*WHAT THE EXERCISE ASKS*.
Write the data out again exactly, with no pictures.

(Beginning of DATASET EXTRACT)

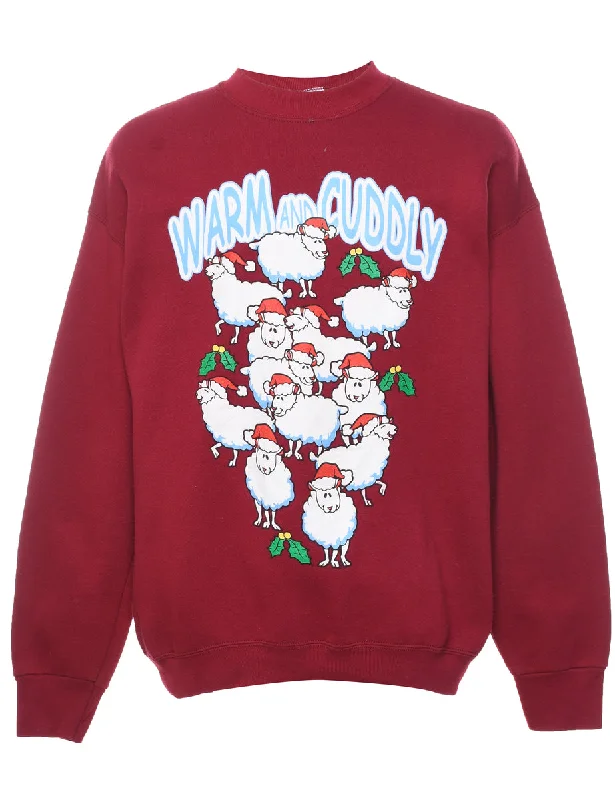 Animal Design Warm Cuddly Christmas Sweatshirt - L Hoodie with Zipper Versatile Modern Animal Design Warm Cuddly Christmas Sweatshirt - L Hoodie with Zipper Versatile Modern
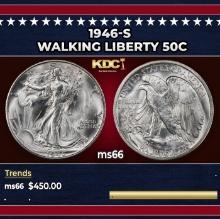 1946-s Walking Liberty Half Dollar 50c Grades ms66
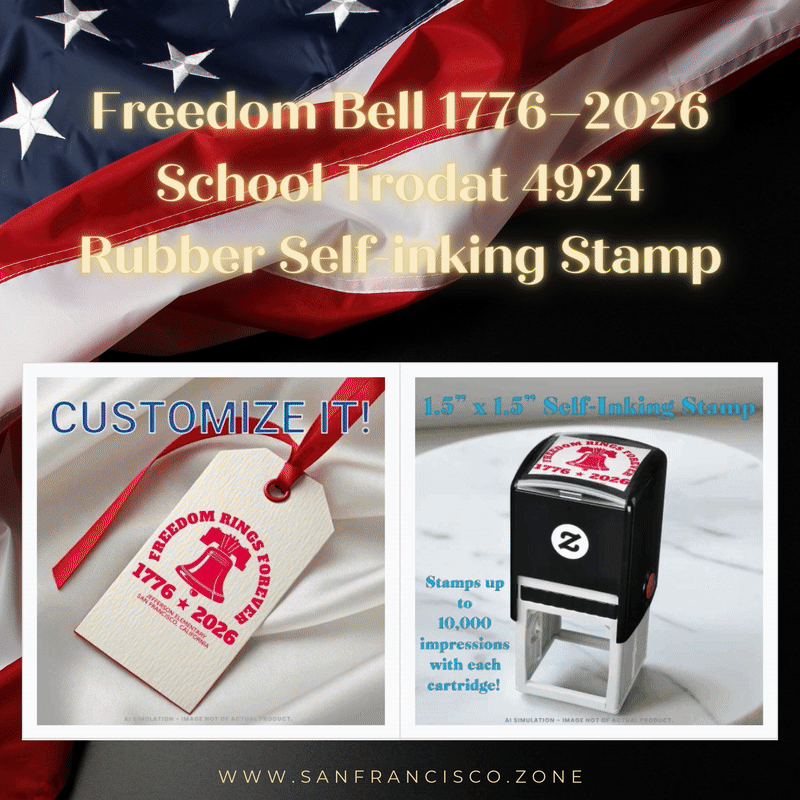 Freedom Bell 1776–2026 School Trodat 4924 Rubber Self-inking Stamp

(End of DATASET EXTRACT)

*RESULT*.
 Animal Design Warm Cuddly Christmas Sweatshirt - L Hoodie with Zipper Versatile Modern Animal Design Warm Cuddly Christmas Sweatshirt - L Hoodie with Zipper Versatile Modern
 1946-s Walking Liberty Half Dollar 50c Grades ms66
 Freedom Bell 1776–2026 School Trodat 4924 Rubber Self-inking Stamp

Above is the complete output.